Der Konfirmandenunterricht findet an Jugendtagen statt, die sich an den Gottesdienst anschließen. Die wichtigsten Glaubensthemen werden durchgenommen:

Wie lerne ich beten? Wie lese ich die Bibel? Wer war und was wollte Jesus? Was bedeutet sein Sterben und Auferstehen? Wofür sind die Gebote da? Was bedeuten die Sakramente Taufe und Abendmahl? Warum werde ich konfirmiert? Die Jugendlichen erarbeiten so einen kleinen Glaubenskurs, der am Ende eines jeden Unterrichttages in Kurzform den Eltern erklärt wird.

Zuvor hören und spielen die Konfirmanden im Kindergottesdienst des Sonntags eine biblische Geschichte zum Thema mit Pfarrfrau Heike Peters.

Das Jesuskreuz wurde von den Konfirmanden gebastelt. So kann es zu Hause aufgehängt werden. Auf den Balken der Vorderseite stehen die Worte "Jesus Christus". Die "Gottesherrschaft" sagte Er an. Als "Gottesknecht" starb Er "für mich". Auf der Rückseite steht der "eigene Name". Die Geschichte vom "verlorenen Sohn" zeigt die Liebe des Vaters, zu der ich umkehren kann. Ein "neuer Mensch" wird jeder, der dem folgt. Der Dreh des Kreuzes besagt: Jesus starb für mich, um mir sein Leben als Gottes Kind zu schenken.
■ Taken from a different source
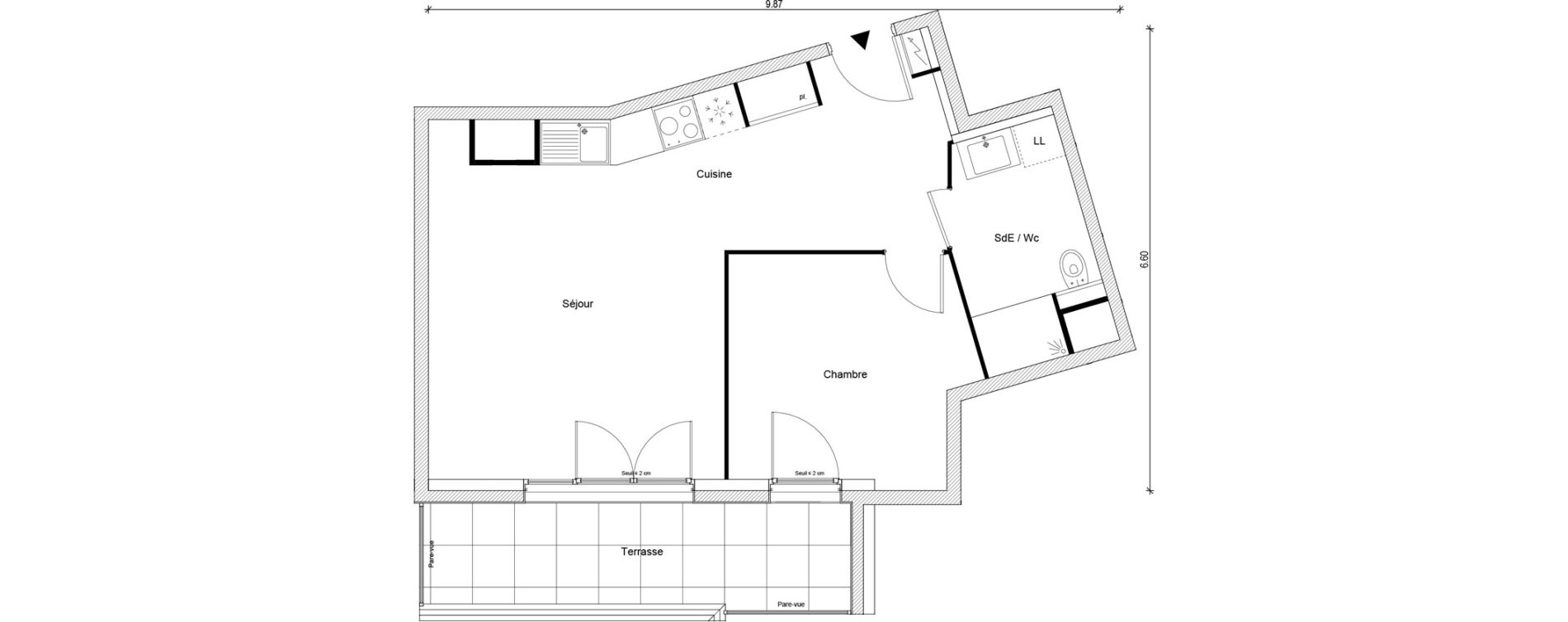 Appartement T2 de 46,26 m2 &agrave; Magnanville Centre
Ein Blick zum Kreuz kann reichen, um einen Neuanfang zu machen. Ein Eintrag darüber im eigenen "geistlichen Tagebuch" bleibt für die Geschichte des eigenen Glaubens ein schöner Meilenstein. Gemeindeglieder beten für die Konfirmanden, dass sie den eigenen Weg im Glauben finden.